## [Material to process]
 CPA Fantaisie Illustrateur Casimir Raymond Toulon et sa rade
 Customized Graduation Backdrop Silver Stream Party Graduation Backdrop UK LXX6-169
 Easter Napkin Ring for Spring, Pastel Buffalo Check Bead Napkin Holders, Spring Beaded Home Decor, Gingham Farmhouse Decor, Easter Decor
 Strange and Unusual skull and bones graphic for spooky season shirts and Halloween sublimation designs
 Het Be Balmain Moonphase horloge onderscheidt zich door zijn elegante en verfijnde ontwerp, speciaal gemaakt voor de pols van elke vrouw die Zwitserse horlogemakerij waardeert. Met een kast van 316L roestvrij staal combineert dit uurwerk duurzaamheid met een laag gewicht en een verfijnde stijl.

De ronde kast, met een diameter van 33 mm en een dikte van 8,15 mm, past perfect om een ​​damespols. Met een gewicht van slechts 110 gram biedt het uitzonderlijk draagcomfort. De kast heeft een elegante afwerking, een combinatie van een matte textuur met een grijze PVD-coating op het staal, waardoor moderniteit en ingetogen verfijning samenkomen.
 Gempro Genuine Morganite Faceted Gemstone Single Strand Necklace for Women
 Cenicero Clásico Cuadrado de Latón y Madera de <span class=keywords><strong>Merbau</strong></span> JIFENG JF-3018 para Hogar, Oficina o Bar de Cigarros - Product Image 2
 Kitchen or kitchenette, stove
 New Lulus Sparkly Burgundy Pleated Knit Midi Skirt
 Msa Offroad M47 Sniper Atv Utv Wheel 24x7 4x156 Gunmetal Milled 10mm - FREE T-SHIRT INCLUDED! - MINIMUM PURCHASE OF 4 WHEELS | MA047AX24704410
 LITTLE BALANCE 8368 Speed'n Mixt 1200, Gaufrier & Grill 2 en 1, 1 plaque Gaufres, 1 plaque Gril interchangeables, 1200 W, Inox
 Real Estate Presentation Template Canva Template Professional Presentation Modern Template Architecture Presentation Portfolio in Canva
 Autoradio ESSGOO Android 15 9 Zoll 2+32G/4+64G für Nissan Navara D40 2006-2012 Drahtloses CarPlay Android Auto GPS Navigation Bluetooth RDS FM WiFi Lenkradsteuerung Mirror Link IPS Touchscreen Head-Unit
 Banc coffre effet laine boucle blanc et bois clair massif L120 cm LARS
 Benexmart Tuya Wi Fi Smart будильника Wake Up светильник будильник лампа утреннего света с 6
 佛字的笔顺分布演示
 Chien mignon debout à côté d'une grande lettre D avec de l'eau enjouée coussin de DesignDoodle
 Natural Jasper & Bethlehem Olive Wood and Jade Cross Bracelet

## [Task goal]
What must be returned is the line with "LITTLE BALANCE 8368" plus every line after it to the end of the entries, exactly as they appear.

## [Written solution]
 LITTLE BALANCE 8368 Speed'n Mixt 1200, Gaufrier & Grill 2 en 1, 1 plaque Gaufres, 1 plaque Gril interchangeables, 1200 W, Inox
 Real Estate Presentation Template Canva Template Professional Presentation Modern Template Architecture Presentation Portfolio in Canva
 Autoradio ESSGOO Android 15 9 Zoll 2+32G/4+64G für Nissan Navara D40 2006-2012 Drahtloses CarPlay Android Auto GPS Navigation Bluetooth RDS FM WiFi Lenkradsteuerung Mirror Link IPS Touchscreen Head-Unit
 Banc coffre effet laine boucle blanc et bois clair massif L120 cm LARS
 Benexmart Tuya Wi Fi Smart будильника Wake Up светильник будильник лампа утреннего света с 6
 佛字的笔顺分布演示
 Chien mignon debout à côté d'une grande lettre D avec de l'eau enjouée coussin de DesignDoodle
 Natural Jasper & Bethlehem Olive Wood and Jade Cross Bracelet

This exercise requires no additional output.